==== Dataset records ====

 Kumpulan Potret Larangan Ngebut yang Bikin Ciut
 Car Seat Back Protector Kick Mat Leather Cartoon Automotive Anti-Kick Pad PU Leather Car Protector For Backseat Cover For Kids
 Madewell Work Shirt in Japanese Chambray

====
==== Dataset records ====

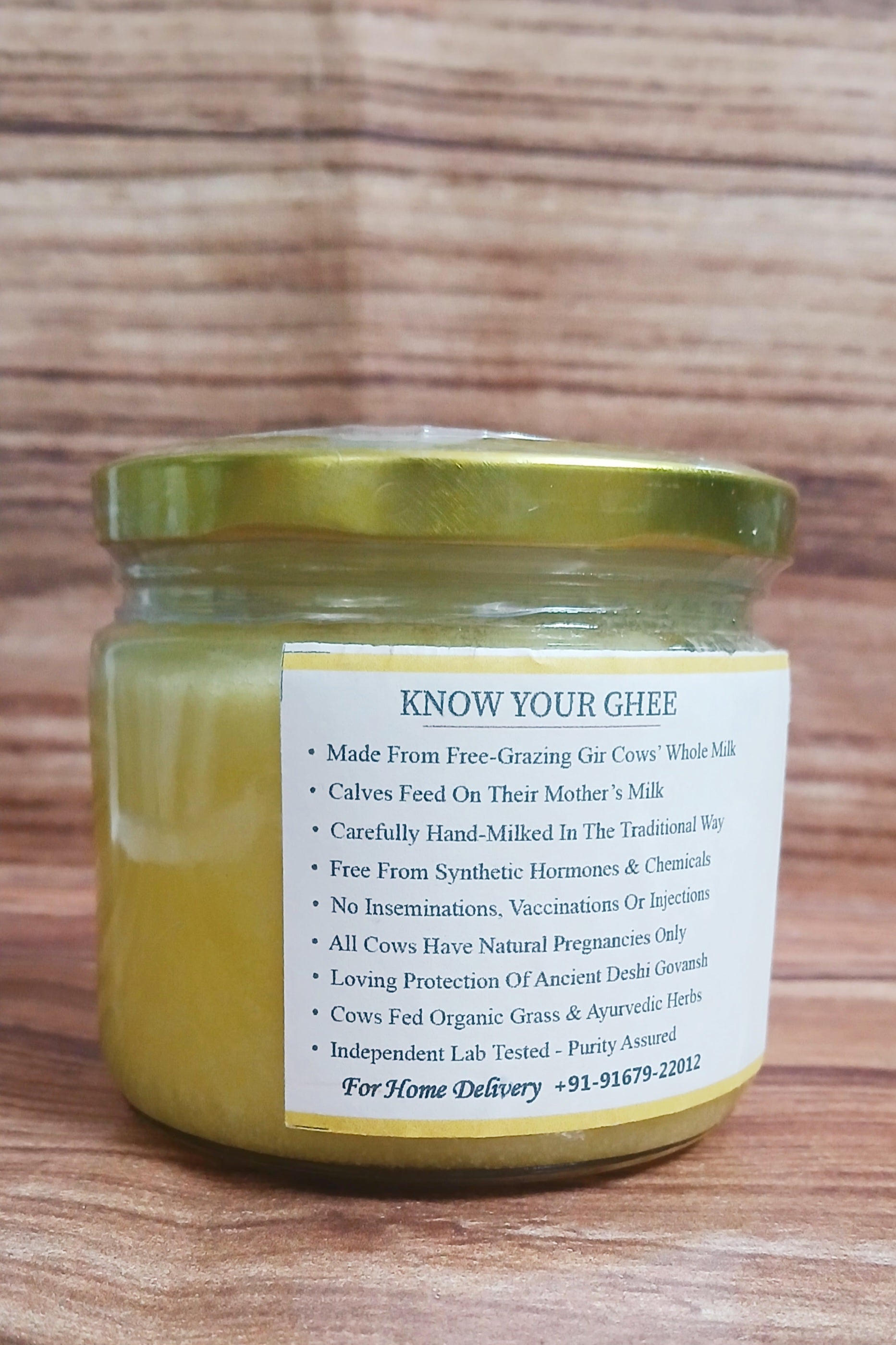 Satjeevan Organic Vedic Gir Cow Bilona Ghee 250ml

====

* Problem requirements
In the data above, find the line with "Kumpulan Potret Larangan" and the line with "Madewell Work Shirt in Japanese Chambray". Retype both, plus every line between them, exactly.

* Problem solution
 Kumpulan Potret Larangan Ngebut yang Bikin Ciut
 Car Seat Back Protector Kick Mat Leather Cartoon Automotive Anti-Kick Pad PU Leather Car Protector For Backseat Cover For Kids
 Madewell Work Shirt in Japanese Chambray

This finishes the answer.